### Task prompt:
Where a picture appears in the data below, exclude it; restate everything else word for word.

### Data:
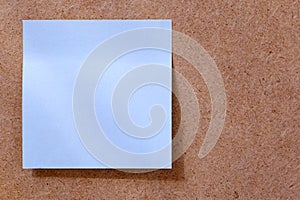 blue blank post it note sticked to wooden memory board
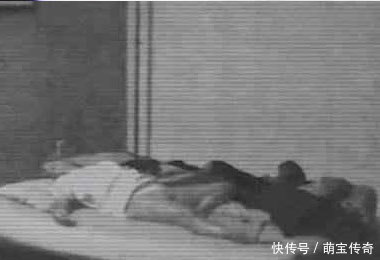 女子半夜起床喝水,偶然目睹室友诡异一幕,吓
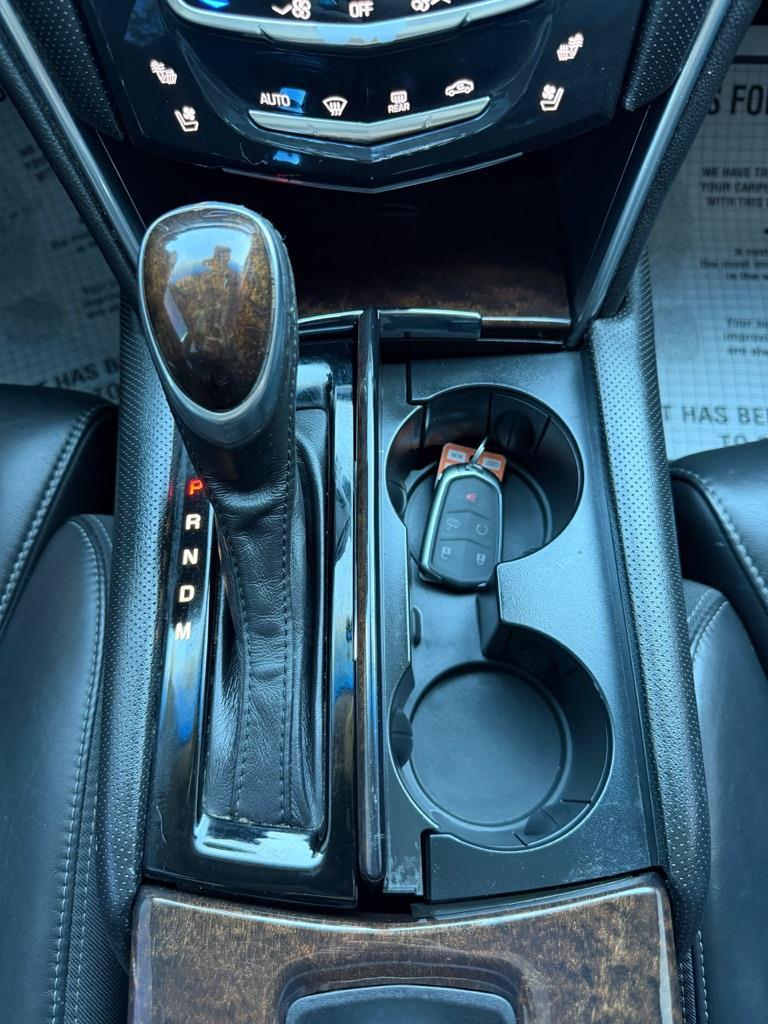 Cadillac XTS Premium 2013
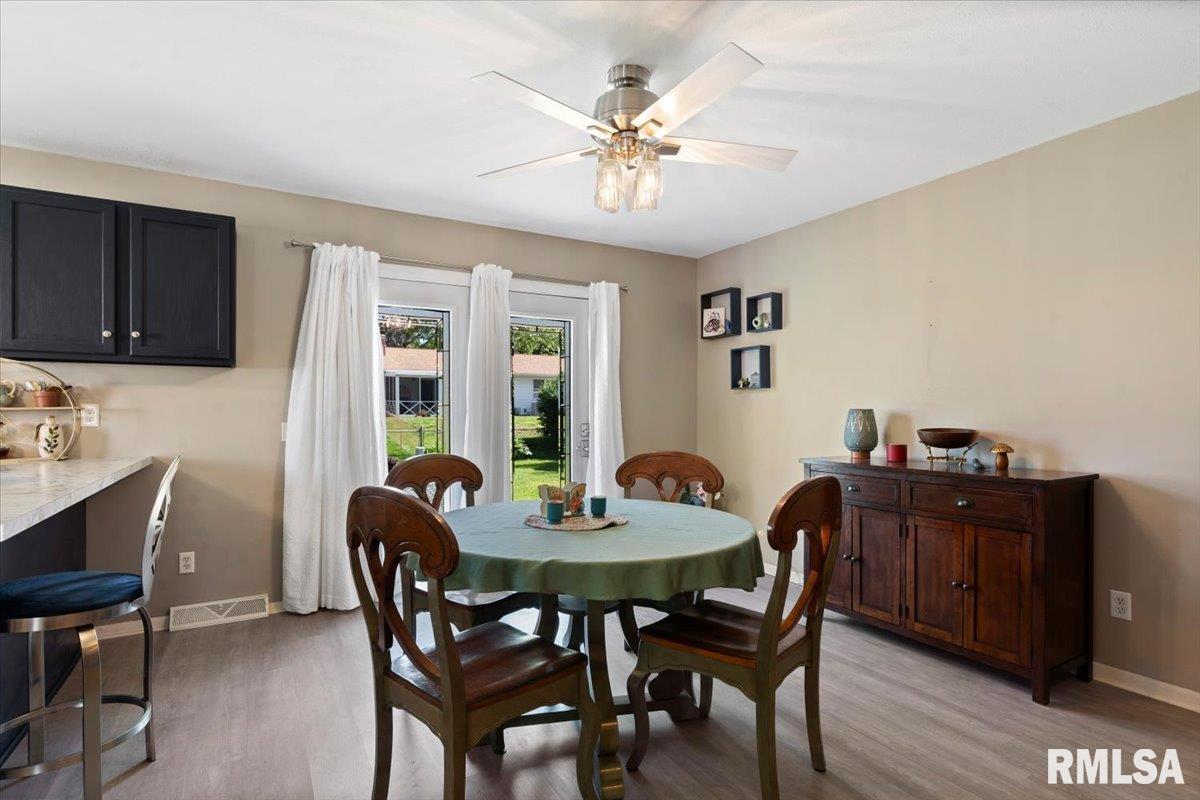 412 Armor Road Springfield, IL 62704 - Photo 12 of 31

### Output below:
 blue blank post it note sticked to wooden memory board
 女子半夜起床喝水,偶然目睹室友诡异一幕,吓
 Cadillac XTS Premium 2013
 412 Armor Road Springfield, IL 62704 - Photo 12 of 31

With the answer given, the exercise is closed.